Lyndsay Burtonshaw, a Quaker from Brighton, was among those who took action in March 2017 by peacefully blockading a stationary Boeing 767 plane, chartered by the Home Office to deport 57 individuals from Stansted Airport to Ghana, Nigeria, and Sierra Leone. Among the passengers to be deported was a victim of human trafficking and others faced potential death, torture and detention.
Of the passengers, the Stansted 15 issued a joint statement via their legal team commenting, “These people are friends, family members, neighbours, mums and dads of young children. Eleven people who would have been deported that night are still in the UK now, building lives the government attempted to destroy."
Three months after receiving an initial charge of “aggravated trespass", the Crown Prosecution Service changed this to a far more serious, terror related offence. Raj Chada, Head of Criminal Defence Hodge Jones & Allen Solicitors and member of the Stansted 15 legal team warned in a statement to the press, “There will be a chilling effect on the noble tradition in the UK, of dissent and direct action, if terror related offences are used against peaceful protestors. Most importantly, there were people who were due to be deported that night, but who the courts now accept have a right to stay. That would not have happened but for the actions of the Stansted 15".
Eleven people who would have been deported that night are still in the UK now, building lives the government attempted to destroy.- Stansted 15 statement
Paul Parker, Recording Clerk for Quakers in Britain said, "We are delighted by today's verdict. Lyndsay Burtonshaw works on nonviolence and injustice for Quakers in Britain but was acting in their personal capacity.
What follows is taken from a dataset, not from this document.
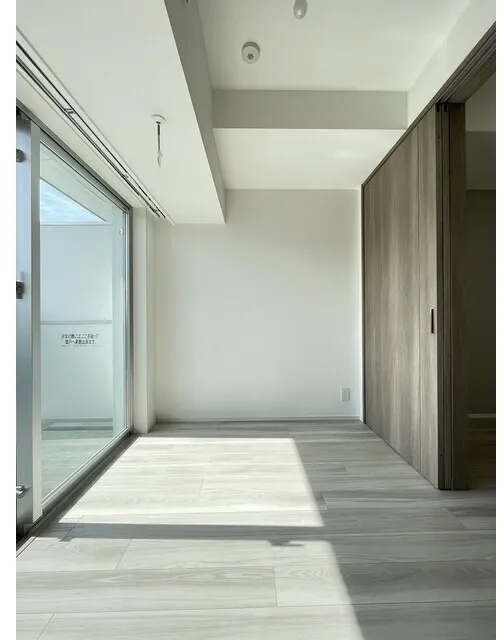 Stylio Kamata West - Interior - ["Flooring", "Floor", "Wood"]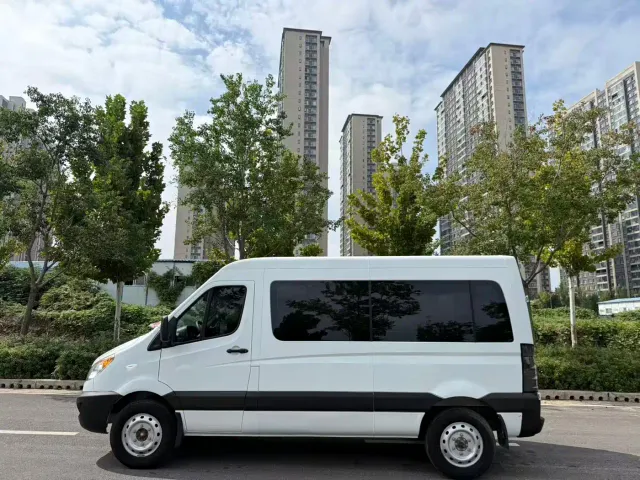 JAC Motors Sunray — Фото автомобиля 5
Quakers are guided by our book of discipline, Quaker faith & practice to respect the laws of the state but to let their first loyalty be to God's purposes. The guidance says this, "If you are impelled by strong conviction to break the law, search your conscience deeply. Ask your meeting for prayerful support which will give you strength as a right way becomes clear."
As one of the fifteen, Lyndsay Burtonshaw's arrest was recorded in the Quakers' Court and Prison Register. This is a historic list of Quakers who have broken the law, because of their personal commitment to their faith. Throughout the original trial, Lyndsay and the Stansted 15, were supported by Chelmsford Quakers who provided practical and spiritual support.
Quakers in Britain are committed to listening to those at the sharp end of the UK's immigration system and note the words of one of the people due to be deported on the flight at Stansted (reported in The Guardian), “The Stansted 15 were trying to stop the real crime being committed. Without their actions I would have faced the utter injustice of being deported from this country without having my (now successful) appeal heard."
Many Quakers will support the promptings of love and truth that led to the Stansted 15 undertaking nonviolent action and will continue to put their faith into action through challenging the UK's hostile immigration system.
The Stansted 15 are: Helen Brewer, Lyndsay Burtonshaw, Nathan Clack, Laura Clayson, Mel Evans, Joseph McGahan, Benjamin Smoke, Jyotsna Ram, Nicholas Sigsworth, Alistair Tamlit, Edward Thacker, Emma Hughes, May McKeith, Ruth Potts and Melanie Stickland.